● **AIM OF THE EXERCISE**
Take the records below and set down exactly the lines from the one with "크라게뢰 리조트 크라제로" to the one with "Volkswagen Polo-GTI (2025) — foto 7 van 29", ends included; do not copy the pictures.
═════ PROVIDED INFORMATION
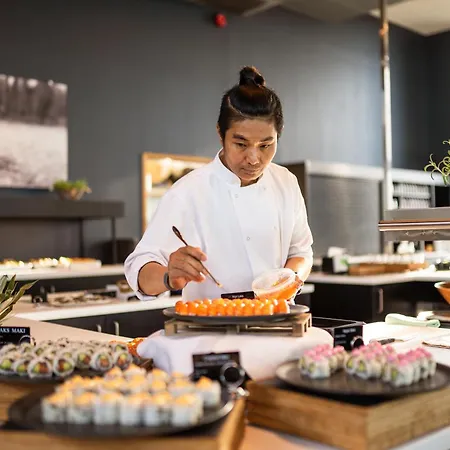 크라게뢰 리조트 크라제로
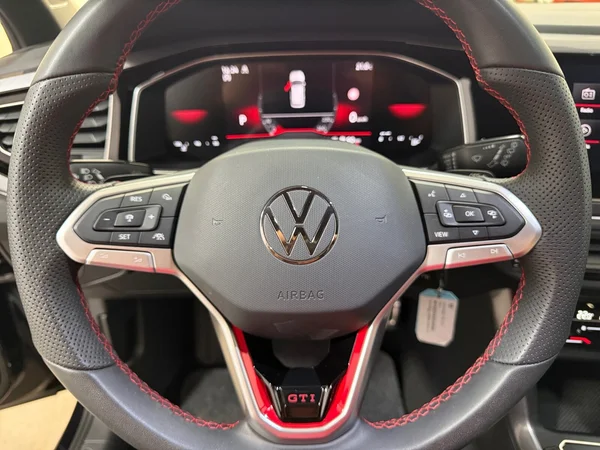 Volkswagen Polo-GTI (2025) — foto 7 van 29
══════════
═════ PROVIDED INFORMATION
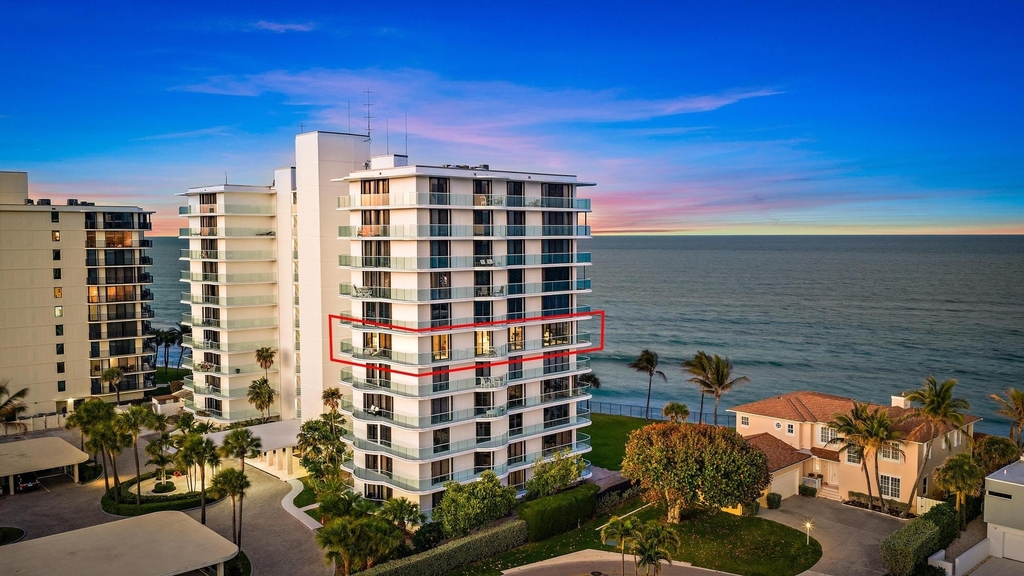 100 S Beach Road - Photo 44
══════════
● **EXPECTED ANSWER**
 크라게뢰 리조트 크라제로
 Volkswagen Polo-GTI (2025) — foto 7 van 29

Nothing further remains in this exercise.